Task
Copy the entries exactly, through the "Alt view image" line.

Input data
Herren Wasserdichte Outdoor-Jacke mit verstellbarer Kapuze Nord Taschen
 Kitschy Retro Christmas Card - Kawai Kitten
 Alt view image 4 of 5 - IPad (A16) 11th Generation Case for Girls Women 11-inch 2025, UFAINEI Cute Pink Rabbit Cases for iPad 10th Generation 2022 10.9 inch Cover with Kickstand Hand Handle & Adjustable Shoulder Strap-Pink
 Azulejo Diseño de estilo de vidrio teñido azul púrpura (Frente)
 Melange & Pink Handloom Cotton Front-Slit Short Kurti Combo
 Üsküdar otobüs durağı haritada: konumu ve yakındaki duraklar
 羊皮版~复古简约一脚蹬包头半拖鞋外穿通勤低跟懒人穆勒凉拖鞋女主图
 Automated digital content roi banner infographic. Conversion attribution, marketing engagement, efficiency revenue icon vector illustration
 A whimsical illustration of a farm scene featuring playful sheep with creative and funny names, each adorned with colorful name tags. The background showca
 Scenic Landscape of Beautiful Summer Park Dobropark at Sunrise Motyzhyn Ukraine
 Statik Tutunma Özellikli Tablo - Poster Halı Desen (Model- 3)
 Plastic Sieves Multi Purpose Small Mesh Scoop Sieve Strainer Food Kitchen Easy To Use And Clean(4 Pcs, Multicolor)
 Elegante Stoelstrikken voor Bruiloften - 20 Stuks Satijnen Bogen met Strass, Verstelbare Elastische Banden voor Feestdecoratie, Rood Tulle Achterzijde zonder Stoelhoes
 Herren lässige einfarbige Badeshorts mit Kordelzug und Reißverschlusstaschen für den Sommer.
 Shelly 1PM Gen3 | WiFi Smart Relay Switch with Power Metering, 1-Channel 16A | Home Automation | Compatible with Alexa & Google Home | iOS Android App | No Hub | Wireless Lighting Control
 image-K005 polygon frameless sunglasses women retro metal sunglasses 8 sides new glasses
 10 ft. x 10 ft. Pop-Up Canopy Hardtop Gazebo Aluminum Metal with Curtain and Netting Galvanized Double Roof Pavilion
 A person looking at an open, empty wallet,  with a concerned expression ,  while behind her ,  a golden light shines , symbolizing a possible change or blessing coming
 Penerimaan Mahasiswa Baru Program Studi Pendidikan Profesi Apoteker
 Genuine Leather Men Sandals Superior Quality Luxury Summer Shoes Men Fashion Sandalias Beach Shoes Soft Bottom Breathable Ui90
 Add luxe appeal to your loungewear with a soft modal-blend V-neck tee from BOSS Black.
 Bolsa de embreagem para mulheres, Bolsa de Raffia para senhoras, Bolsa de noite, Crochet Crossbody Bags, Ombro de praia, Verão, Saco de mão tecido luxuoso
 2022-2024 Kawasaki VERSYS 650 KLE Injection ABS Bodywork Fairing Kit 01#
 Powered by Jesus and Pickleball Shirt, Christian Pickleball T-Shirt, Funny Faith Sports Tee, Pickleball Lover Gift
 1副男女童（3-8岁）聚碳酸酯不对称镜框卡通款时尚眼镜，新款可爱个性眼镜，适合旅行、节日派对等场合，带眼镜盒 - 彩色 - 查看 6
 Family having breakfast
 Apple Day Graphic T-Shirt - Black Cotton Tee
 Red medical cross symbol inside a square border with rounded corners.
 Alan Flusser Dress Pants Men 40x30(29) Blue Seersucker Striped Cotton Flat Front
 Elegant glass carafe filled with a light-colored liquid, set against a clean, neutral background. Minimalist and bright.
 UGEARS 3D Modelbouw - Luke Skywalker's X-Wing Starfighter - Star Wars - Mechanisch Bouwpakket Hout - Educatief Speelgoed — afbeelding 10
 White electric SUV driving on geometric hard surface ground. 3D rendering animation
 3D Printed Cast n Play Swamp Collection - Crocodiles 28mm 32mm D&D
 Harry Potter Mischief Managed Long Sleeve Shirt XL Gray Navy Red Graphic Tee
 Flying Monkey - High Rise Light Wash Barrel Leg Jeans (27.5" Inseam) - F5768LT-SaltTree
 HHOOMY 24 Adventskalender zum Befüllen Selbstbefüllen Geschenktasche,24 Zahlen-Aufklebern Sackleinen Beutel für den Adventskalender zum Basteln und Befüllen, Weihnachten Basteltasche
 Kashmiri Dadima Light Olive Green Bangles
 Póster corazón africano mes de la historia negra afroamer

Output for this task
Herren Wasserdichte Outdoor-Jacke mit verstellbarer Kapuze Nord Taschen
 Kitschy Retro Christmas Card - Kawai Kitten
 Alt view image 4 of 5 - IPad (A16) 11th Generation Case for Girls Women 11-inch 2025, UFAINEI Cute Pink Rabbit Cases for iPad 10th Generation 2022 10.9 inch Cover with Kickstand Hand Handle & Adjustable Shoulder Strap-Pink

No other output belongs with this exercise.